Your post would be easier to follow if you used the quote feature...

(In my writing, I use "class" in standard set-theoretic fashion, rather than the way you are using it)

Whether 'U exists' or not, {x:x∉x} is not a member of any set/class...{x:x∉x} does not exist.

It is true that "the class {x:x∉x} is not a set" is a theorem of ZFC.

It is also (vacuously) true that "If the class of all sets is itself a set, then the class {x:x∉x} is a set" is also a theorem of ZFC.

There is no entity that is equal to {x:x∉x} is provable within FOPL=
~EyAx(xRy <-> ~(xRx)) is a theorem. That is, ~EyAx(x e y <-> ~(x e x)) is true.

"~S is a theorem" does not imply "S is not a theorem". You are implicitly assuming consistency -- an assumption that fails for the hypotheses "ZFC + there is a set of all sets".

Not to be flippant, but you do know what a "proof by contradiction" is, right?

I guess you have not heard about "purported" entities.
Any purported entity described by a contradictory predication does not exist.
Non-referring descriptions are not unheard of.

I'm more familiar with the phrase "well-formed" -- and a set of symbols that violates the grammar of the formal language of interest.

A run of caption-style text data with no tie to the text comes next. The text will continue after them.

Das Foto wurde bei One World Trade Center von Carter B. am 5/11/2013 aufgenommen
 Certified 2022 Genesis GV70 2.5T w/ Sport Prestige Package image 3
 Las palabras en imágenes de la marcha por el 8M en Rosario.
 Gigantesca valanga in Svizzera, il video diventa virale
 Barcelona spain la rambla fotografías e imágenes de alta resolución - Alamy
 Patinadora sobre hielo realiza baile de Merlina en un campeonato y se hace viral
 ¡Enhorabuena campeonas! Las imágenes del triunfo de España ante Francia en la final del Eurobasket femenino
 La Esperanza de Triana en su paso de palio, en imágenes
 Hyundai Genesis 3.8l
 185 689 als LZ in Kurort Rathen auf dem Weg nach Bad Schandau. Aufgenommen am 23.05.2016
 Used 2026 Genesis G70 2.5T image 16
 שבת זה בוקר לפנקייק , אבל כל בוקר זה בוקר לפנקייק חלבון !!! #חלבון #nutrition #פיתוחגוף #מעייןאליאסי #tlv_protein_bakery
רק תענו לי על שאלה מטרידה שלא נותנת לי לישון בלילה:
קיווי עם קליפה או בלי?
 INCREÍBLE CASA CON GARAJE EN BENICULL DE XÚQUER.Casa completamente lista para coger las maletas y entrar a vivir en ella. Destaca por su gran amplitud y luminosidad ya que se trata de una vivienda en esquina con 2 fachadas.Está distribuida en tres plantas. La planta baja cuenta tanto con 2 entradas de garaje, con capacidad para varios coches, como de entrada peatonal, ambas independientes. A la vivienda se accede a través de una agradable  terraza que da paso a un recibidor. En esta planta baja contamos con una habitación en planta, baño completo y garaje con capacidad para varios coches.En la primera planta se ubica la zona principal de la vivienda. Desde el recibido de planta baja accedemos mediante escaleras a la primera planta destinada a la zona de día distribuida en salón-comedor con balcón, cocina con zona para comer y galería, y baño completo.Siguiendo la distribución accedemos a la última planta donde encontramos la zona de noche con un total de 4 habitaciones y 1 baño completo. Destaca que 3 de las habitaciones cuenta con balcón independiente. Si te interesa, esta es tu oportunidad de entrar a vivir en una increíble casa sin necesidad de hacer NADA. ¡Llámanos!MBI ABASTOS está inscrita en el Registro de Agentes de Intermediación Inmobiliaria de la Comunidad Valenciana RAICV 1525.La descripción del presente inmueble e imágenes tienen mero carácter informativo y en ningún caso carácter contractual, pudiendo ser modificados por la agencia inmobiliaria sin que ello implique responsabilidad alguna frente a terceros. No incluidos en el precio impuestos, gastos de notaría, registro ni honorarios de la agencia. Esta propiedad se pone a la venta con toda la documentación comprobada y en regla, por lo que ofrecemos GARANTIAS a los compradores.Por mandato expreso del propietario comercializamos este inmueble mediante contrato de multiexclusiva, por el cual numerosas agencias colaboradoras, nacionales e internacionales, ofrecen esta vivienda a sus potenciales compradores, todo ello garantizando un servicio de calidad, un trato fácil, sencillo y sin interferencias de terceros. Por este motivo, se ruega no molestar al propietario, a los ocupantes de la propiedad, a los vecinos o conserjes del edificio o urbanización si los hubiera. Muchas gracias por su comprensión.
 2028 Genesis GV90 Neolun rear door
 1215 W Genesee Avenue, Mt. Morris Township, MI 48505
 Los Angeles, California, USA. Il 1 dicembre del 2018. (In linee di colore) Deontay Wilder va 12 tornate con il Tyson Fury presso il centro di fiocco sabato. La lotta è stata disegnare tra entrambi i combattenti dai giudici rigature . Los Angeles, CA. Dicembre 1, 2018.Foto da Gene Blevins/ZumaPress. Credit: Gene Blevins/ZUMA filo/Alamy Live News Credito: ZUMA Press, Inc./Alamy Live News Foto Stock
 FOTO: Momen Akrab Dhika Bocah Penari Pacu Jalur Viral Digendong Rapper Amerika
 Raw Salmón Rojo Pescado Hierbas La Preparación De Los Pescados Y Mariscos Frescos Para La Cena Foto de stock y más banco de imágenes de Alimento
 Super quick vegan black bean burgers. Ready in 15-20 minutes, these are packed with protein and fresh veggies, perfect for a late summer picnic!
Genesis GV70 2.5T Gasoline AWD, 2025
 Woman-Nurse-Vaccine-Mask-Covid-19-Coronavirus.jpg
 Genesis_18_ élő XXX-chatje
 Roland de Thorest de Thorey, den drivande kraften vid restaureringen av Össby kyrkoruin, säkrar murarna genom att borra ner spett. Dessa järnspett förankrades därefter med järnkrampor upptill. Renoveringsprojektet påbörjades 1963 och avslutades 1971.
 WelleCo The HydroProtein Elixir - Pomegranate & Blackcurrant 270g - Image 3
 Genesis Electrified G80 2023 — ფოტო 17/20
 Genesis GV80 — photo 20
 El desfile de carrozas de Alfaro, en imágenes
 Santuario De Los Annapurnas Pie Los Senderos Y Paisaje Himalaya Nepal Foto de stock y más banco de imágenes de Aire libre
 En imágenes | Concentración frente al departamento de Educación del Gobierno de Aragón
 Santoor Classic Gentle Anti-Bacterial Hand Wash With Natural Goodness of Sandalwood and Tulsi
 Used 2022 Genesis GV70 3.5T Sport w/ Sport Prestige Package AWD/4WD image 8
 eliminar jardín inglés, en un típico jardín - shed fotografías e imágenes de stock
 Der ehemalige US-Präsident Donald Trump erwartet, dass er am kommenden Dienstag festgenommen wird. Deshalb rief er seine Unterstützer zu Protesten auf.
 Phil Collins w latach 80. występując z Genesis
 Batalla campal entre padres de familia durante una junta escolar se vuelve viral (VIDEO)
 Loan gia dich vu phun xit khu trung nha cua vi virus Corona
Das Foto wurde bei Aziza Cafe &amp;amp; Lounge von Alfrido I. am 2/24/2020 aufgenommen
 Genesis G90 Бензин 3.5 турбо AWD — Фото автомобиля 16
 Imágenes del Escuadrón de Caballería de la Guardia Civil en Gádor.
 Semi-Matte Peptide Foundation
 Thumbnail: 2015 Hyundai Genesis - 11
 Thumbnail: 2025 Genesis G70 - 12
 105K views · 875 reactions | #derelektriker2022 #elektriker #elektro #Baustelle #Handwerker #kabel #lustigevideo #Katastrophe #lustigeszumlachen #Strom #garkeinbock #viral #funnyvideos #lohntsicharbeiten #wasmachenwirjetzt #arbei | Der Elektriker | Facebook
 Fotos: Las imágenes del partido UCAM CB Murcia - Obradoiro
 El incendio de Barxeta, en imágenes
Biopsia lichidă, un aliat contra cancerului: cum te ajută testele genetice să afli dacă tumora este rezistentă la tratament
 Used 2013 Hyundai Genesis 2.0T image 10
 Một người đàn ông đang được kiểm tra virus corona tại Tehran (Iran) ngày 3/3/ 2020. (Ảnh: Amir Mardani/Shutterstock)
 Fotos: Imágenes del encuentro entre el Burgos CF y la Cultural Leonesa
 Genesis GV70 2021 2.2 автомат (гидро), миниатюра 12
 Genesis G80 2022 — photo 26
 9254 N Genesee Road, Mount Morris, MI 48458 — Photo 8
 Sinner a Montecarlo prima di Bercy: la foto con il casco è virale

In this case, however, {x:x∉x} is well-formed, denoting a class of sets. On the hypothesis that there is a set of sets, direct application of the axiom of subsets implies that {x:x∉x} actually defines a set.

Now, {x:x∉x} isn't what was originally written. What was originally written was

{x∈U | x ∉ x }​

which is plain ordinary set-builder notation. Given any set S and any formula P, the notation

{x∈S | P(x) }​

denotes a set, specifically the particular set whose existence is guaranteed by the axiom of subsets.



For example ... The present king of France, describes a purported person who does not exist.
That natural number between 2 and 3, describes a purported natural number which does not exist.
The x such that Fx & ~Fx, describes a purported object which does not exist.

The 'purported' set {x:x∉x} does not exist.

Classes are sets, ..collections of entities. If {x:x∉x} does not exist, then surely there is no set or class that it is equal to.

If you mean "set", then why the heck are you using the word "class", particularly since you are not using the word to mean what (standard) set-theory means by the word?

{x:x=x} is the class/set of all classes/sets

Class. Not a set. And {x:x=x} = {x:x∉x}.

What?! You have used this expression in your reply,

The main thing I was complaining about is that the types don't make sense -- you are applying the operator "&" when the left argument is a class and the right argument is a predicate.

Of course, I would also complain about the odd logic you are using -- one that allows strings of symbols that would ordinarily be ill-formed, instead using some sort of modal operator to capture the notion. I know such things are possible, but such a thing is definitely not first-order predicate logic.

 

[xxxx0xxxx]

how do we prove in set theory that ,nothing contains everything

The proof is by contradiction, see Suppes, 1960. It is the result of Russell's paradox, because the existence of the set of everything would make the axiom schema of separation unnecessary, and in fact reduces the schema of separation to the schema of abstraction; but the schema of abstraction leads to Russell's paradox which is contradictory.

BTW, this is a result found in ZF and NBG; In NBG the class of all things exists, but it is not a set.